BERLIN (Reuters) - One in three Germans feels deceived by Chancellor Angela Merkel regarding a row over spying on Germans, but almost half are not very interested in the whole affair, a poll showed on Wednesday.
Allegations that Germany’s foreign intelligence agency, BND, helped the U.S. National Security Agency (NSA) spy on European companies and officials have caused rifts in Merkel’s coalition with the Social Democrats (SPD) and are showing signs of hurting Merkel.
Last week, media reports alleged that Merkel’s aides had lied to the public before the 2013 election about the prospects of a no-spy deal with the United States.
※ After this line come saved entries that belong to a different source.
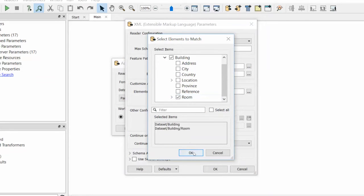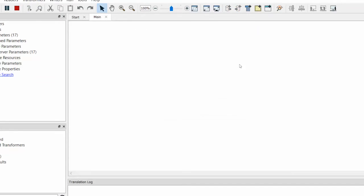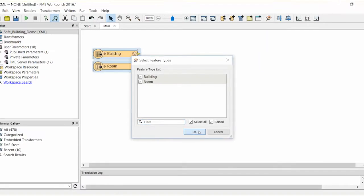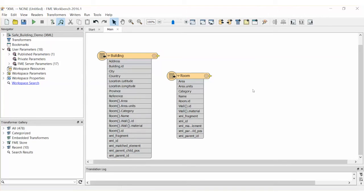Both feature types are added to the canvas. Note that for the room element, the XML is now read from the perspective of room and below. No building level elements are visible in the room attributes. To link the two, you would need to link the room.id from the room feature with the associated room.id list element stored on the building feature.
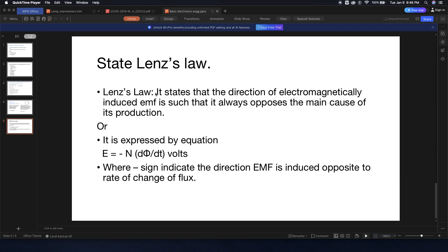Lenz's Law states that the direction of electromagnetically induced EMF is such that it always opposes the main cause of its production. This means the electromagnetically induced EMF always opposes the main cause of its production.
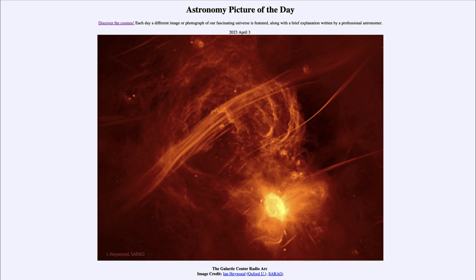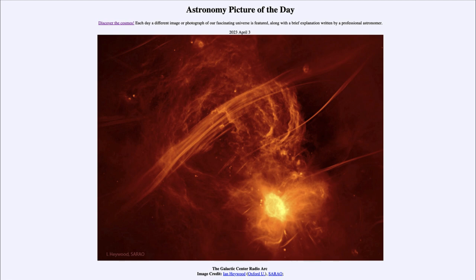The longer wavelength radio waves are able to penetrate the dust and give us a view into the interior, showing us what is known as the Radio Arc near the center of the galaxy. The center of the galaxy itself is that bright region down towards the bottom, known as Sagittarius A-star, which is the material around the black hole at the center of the galaxy. We see the material spiraling into the black hole, and that material is energized and gives off a lot of energy, including a lot of radio waves.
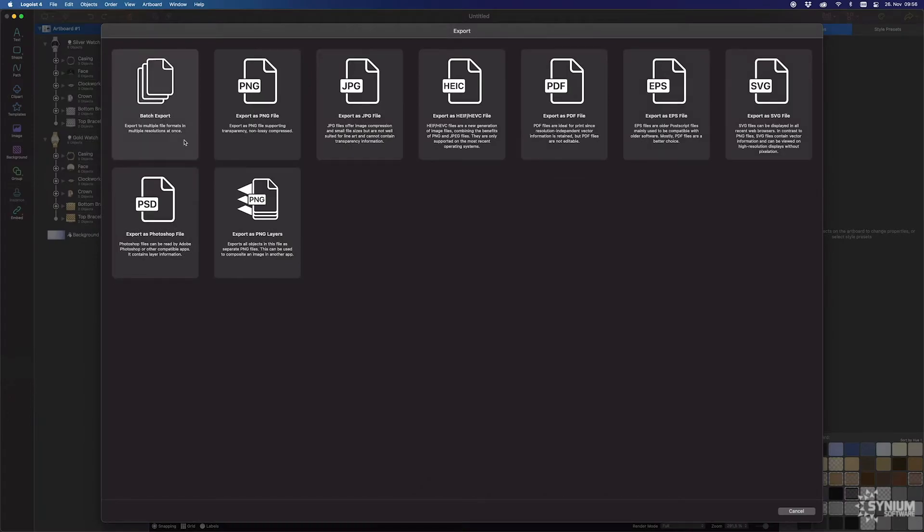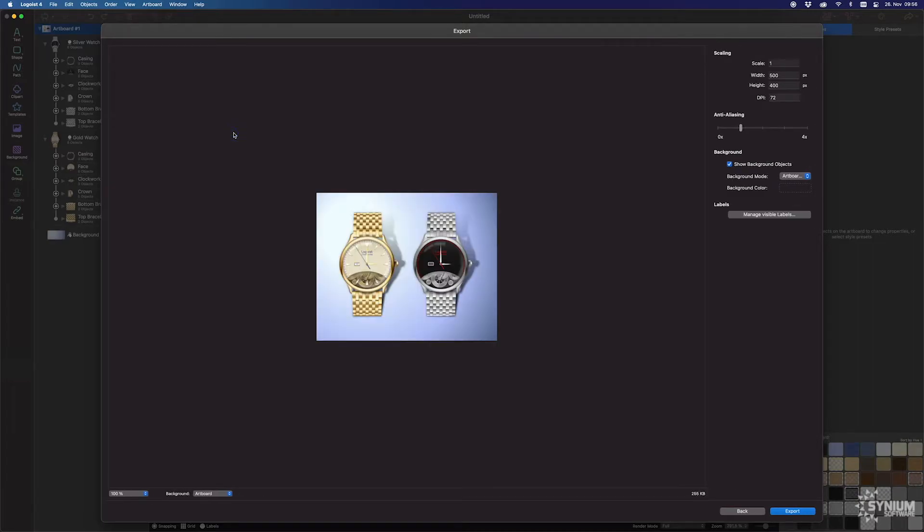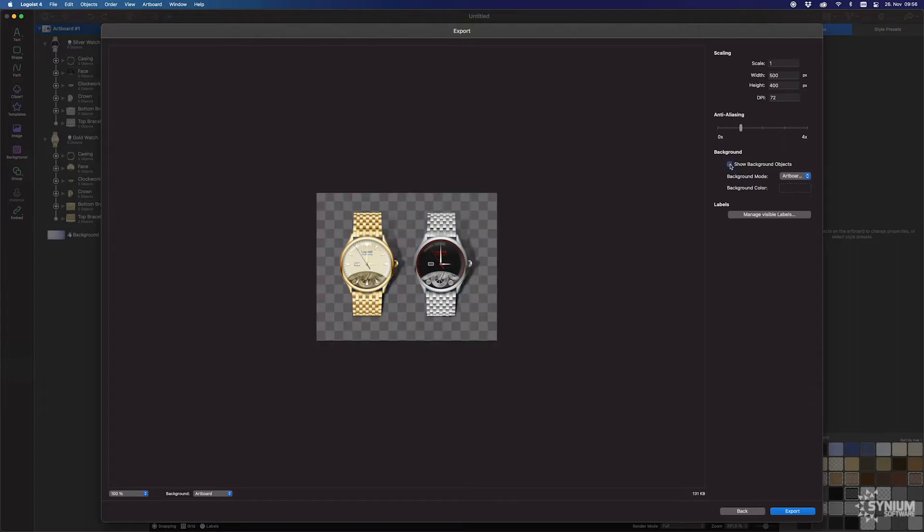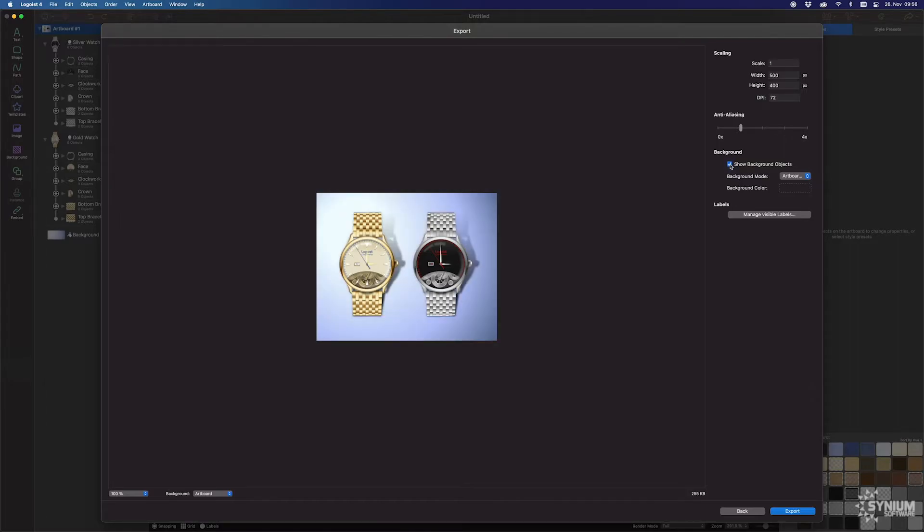Now you see all output formats available and also the batch export and PNG layer export. Choose a format. Select whether the background should be visible or transparent, and scale your picture to the size needed.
No such deal has never materialized.
This week’s Forsa poll showed that 52 percent of voters think the spying row is either important or very important while 48 percent of voters are hardly interested in it.
It also showed more than half of German voters would still back Merkel in a direct vote against her SPD rival, Sigmar Gabriel, although that number slipped 1 percentage point to 56 percent. Support for Gabriel inched up 1 percentage point but he still trails Merkel by 42 points.
The coalition partners have toned down their rhetoric after a week of sniping within Merkel’s ‘grand coalition’, when Gabriel tried to put any blame at the chancellor’s door and Bavarian conservatives dismissed his comments as unacceptable.
The poll put Merkel’s conservatives down one point at 40 percent, their lowest level so far this year, but the SPD were also down one point at 22 percent. The main winner was the pro-business Free Democrats (FDP), up 2 points to 6 percent.
Revelations by former NSA contractor Edward Snowden about wide-ranging espionage in Germany by the United States, including allegations that it bugged Merkel’s mobile phone, caused outrage in Germany when they emerged two years ago.
Merkel argues the BND must work with the NSA to fight terrorism, but privacy is a sensitive subject in Germany, after decades of pervasive snooping by the Gestapo and then by the Stasi secret police in East Germany.
The newspaper Die Welt reported that the NSA, irritated by the affair, is considering scaling back its information exchange with Germany and relying more on other European allies such as France and Scandinavian countries. It cited no sources.